How Top B2B Marketing Teams Get High Grades from Sales Teams Every Day!

by | May 26, 2017 | Product Marketing, Sales, Why LeveragePoint?

HomeBlogProduct MarketingHow Top B2B Marketing Teams Get High Grades from Sales Teams Every Day!

The majority of B2B marketing organizations are measured on achieving the company’s revenue targets assigned to sales. However, a significant gap still exists between sales presentation content produced by marketing and the content expected by sales. Sirius Decisions reports that 65% of content created by marketing for sellers never gets used. Marketing costs for creating content continue increasing to record levels, yet, sales’ requests for better customer-centric content for critical buyer meetings are rampant. What are the communication issues between marketers and sales teams?

Ironically, the major issue is NOT the quality of content. Sirius Decisions found that the main reasons why content goes unused are topic relevancy (to buyer), users are unaware content exists, content is difficult to find, and it’s too time consuming to adapt for customer meetings. Rather than diving into negative aspects of this expensive and unproductive dilemma, let’s review what successful marketing teams know and are doing to provide unique presentations for customer-facing sales teams to achieve revenue targets by winning more competitive opportunities.

Top marketing teams know these three “game changing” impacts in today’s Digital Age have created new challenges in developing introductory sales presentations and marketing content:

  1. Buyers perform extensive web research and explore social media BEFORE engaging sellers. Sales is facing more prepared buyers. During initial sales meetings, buyers expect sales reps to be knowledgeable about their industry, present business insights on how their offering has helped similar companies, and show typical quantified business results achieved by their most successful customers.
  2. Sellers must avoid the traditional “data discovery” set of questions EARLY in the sales process. Buyers will disengage quickly with sales teams asking for confidential data early in the evaluation process before earning this privilege. Customers expect collaborative business conversations with sellers confirming their understanding of the customer’s business problems before it’s determined a qualified fit for both companies to pursue.
  3. Presentations created by marketing must be in a SALES-READY format. Almost 50% of a sales rep’s time is wasted looking for the right content to present to the right customer at the right time in the sales process. Sales reps do not have time to search, evaluate, adapt and create personalized content for early sales presentations, so in most cases they defer to the standard Corporate Overview and hope for the best. Costly Digital Asset Management repositories are making the problem worse, not better, for sales reps as evidenced by low adoption rates.
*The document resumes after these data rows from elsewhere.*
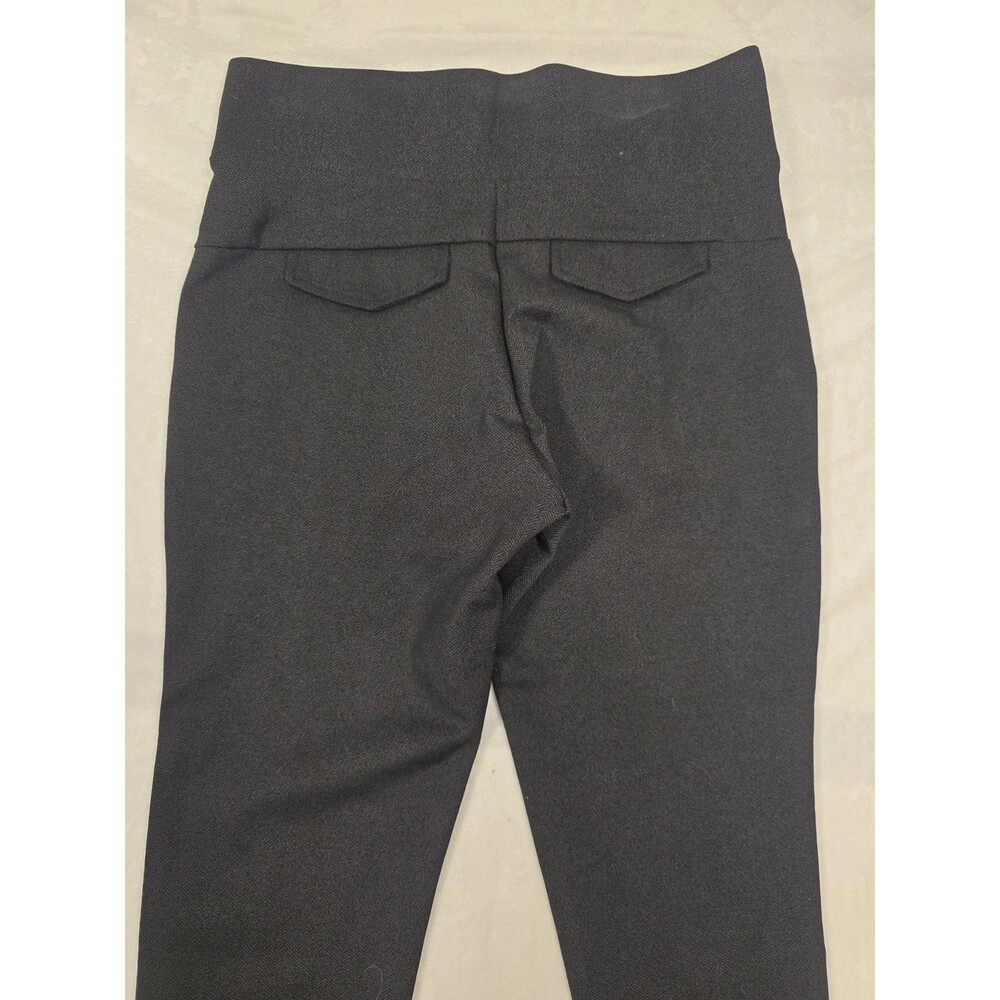 Conceited Black Dress Pants Button Flat Front Tapered Leg Solid Women - Picture 8 of 10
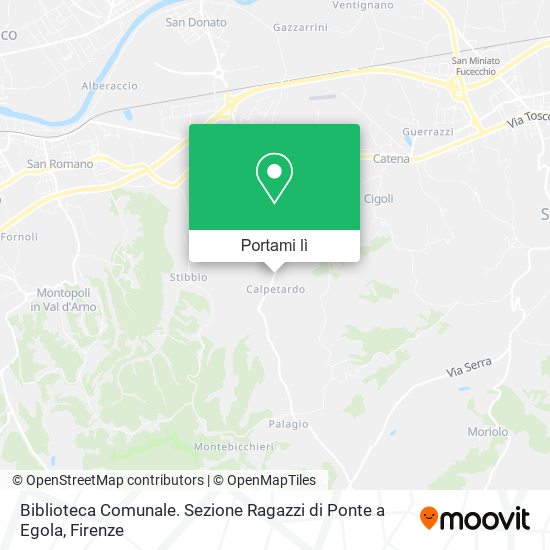 Mappa Biblioteca Comunale. Sezione Ragazzi di Ponte a Egola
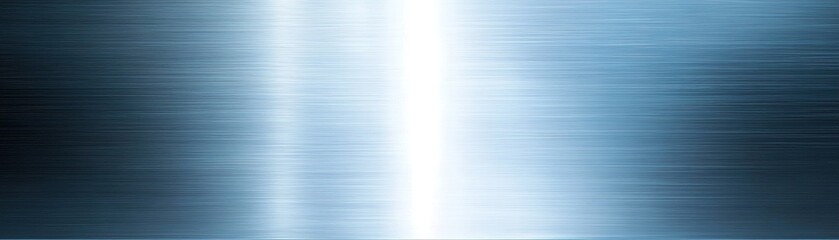 Obraz premium Dynamic light trails on sleek brushed steel create a futuristic background for modern design elements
What do sales teams expect of marketing for early stage sales presentations?

Top performing marketing teams focus on creating relevant, engaging sales presentations resulting in more qualified sales opportunities. Suzy Welch, Author and Business Journalist, states, “Half the battle in business is being prepared.”  Successful marketing-developed sales presentations help sales reps exude confidence in customer meetings, because they trust the content is customer-centric, includes unique customer messaging, and is differentiated versus competition! Sales reps do not want new content as much as they need existing content based on successful customer stories packaged in a sales-ready format.  Every B2B website has a Case Study with all the information sales teams need to qualify early opportunities. However, individual case studies may be too specific for an early sales meeting, and definitely are not in a presentation format to maximize customer engagement. Sending multiple PDF case studies to customers via email expecting them to be read, understand and accelerate interest is a recipe for disaster. Digitally savvy marketing professionals know there’s a better way to communicate with customers in today’s Digital Transformation Age instead of emailing content to a busy customer’s inbox.

Digital Value Propositions transform your case study into a powerful sales tool.

Here are three best practices highly effective marketing teams follow to create Digital Value Propositions based on a consensus of information, data and results from your most satisfied customers:

  1. START WITH A CUSTOMER PROBLEM STATEMENT: Too many sales presentations present product or service features & benefits only, and fail to address the real problem statement directly at the beginning of the meeting. An introduction slide or two about your company is fine; however, within five minutes your presentation should succinctly address a typical customer’s business problem and how your solution solves their problem. Research from senior B2B buyers clearly shows sellers must be prepared to answer this question early, “What do you do for your customers?”

  1. SHOW TYPICAL CUSTOMER CHALLENGES AND RESULTS: Share with the audience typical challenges faced by your customers including average quantitative business results achieved. Recommend three typical qualitative results (reduce costs, increase revenue, avoid risk), and typical quantitative results achieved (reduced costs by 20%, increased revenue by $500 Million, etc.). Avoid using exact data during initial sales meetings as the customer opportunity has not been qualified at this stage. Customers usually ask initial questions at this point which are positive signs of interest.  If there are no questions, you’ve the right to ask, “Does your company have any of these concerns?”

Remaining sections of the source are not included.